An R package for industrializing concentration-QT analysis
Tobias Sing, Martin Fink, Michael Looby
Novartis Pharma AG
Objectives:Since 2005, the FDA recommends a dedicated study (Thorough QT; tQT) to be conducted for every NME to determine the effect of the drug on the QT interval in healthy volunteers. The current regulatory opinion on the design and analysis of tQT studies is formulated in the ICH E14 guideline . The purposes of this package are: (1) to provide a set of R functions that can be used flexibly to visualize, analyze, and model (concentration-) ECG data from a clinical study (tQT or other); (2) to provide a "one-click" approach to perform a standardized, pre-specified analysis; (3) to automate the creation of analysis datasets from clinical databases; (4) to automate the insertion of analysis results into a Word template report for concentration-QT analyses.

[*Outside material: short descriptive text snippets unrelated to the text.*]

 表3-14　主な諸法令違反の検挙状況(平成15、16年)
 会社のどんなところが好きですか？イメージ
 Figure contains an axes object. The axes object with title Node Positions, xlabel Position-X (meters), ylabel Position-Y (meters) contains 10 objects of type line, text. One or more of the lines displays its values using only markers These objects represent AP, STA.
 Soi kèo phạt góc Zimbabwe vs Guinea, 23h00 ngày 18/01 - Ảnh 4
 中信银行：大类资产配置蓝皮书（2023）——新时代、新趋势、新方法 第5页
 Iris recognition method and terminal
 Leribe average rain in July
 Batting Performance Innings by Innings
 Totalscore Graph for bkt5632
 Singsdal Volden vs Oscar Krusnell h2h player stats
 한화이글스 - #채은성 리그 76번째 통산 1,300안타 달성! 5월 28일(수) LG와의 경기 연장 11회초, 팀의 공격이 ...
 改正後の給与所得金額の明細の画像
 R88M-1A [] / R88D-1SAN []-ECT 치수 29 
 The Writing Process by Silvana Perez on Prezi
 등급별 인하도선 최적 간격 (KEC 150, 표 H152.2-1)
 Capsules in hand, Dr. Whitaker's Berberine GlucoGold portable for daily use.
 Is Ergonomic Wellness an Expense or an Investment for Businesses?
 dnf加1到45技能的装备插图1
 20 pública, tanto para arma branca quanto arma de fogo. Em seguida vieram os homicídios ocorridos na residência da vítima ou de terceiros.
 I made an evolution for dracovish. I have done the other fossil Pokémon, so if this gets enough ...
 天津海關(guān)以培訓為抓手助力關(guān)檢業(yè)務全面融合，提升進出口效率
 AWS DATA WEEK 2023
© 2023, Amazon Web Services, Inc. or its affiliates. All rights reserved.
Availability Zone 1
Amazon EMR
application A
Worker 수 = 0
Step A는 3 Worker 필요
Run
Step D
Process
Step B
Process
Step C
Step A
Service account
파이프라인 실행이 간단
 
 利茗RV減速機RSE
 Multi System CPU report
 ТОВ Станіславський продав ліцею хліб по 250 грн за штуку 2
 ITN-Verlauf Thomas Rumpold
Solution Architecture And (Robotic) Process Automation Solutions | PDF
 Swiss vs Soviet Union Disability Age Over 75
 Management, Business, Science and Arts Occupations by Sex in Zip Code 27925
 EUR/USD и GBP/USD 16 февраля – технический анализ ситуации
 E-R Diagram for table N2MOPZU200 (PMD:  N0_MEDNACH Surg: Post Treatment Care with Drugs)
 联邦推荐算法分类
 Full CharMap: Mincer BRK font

Methods:The package was implemented in R and only relies on nlme (linear/nonlinear mixed-effects modeling) as an additional package.
Results:The package contains functions to perform all the steps of a typical (concentration-) QT analysis, including: correcting QT for variation in the RR interval; performing baseline- and placebo correction; exploratory graphics; point-wise t-test according to E14 guideline with graphical presentation; pre-implemented exposure-QT models (extensible by user); tabular and graphical model summaries and diagnostics; nonparametric bootstrap to assess uncertainty of population prediction for any linear or nonlinear mixed-effects model; visual predictive check.
Conclusions:The QT package for R facilitates, speeds up, and industrializes the analysis of ECG data from clinical studies. A standardized, pre-specified analysis can be performed with a single command. Alternatively, the user can also tailor analyses to their specific needs by using the functions of the package individually. All functions can also be modified and extended within R.
ICH E14 Guideline (2005): Clinical Evaluation of QT/QTc Interval Prolongation and Proarrhythmic Potential for Non-Antiarrhythmic Drugs.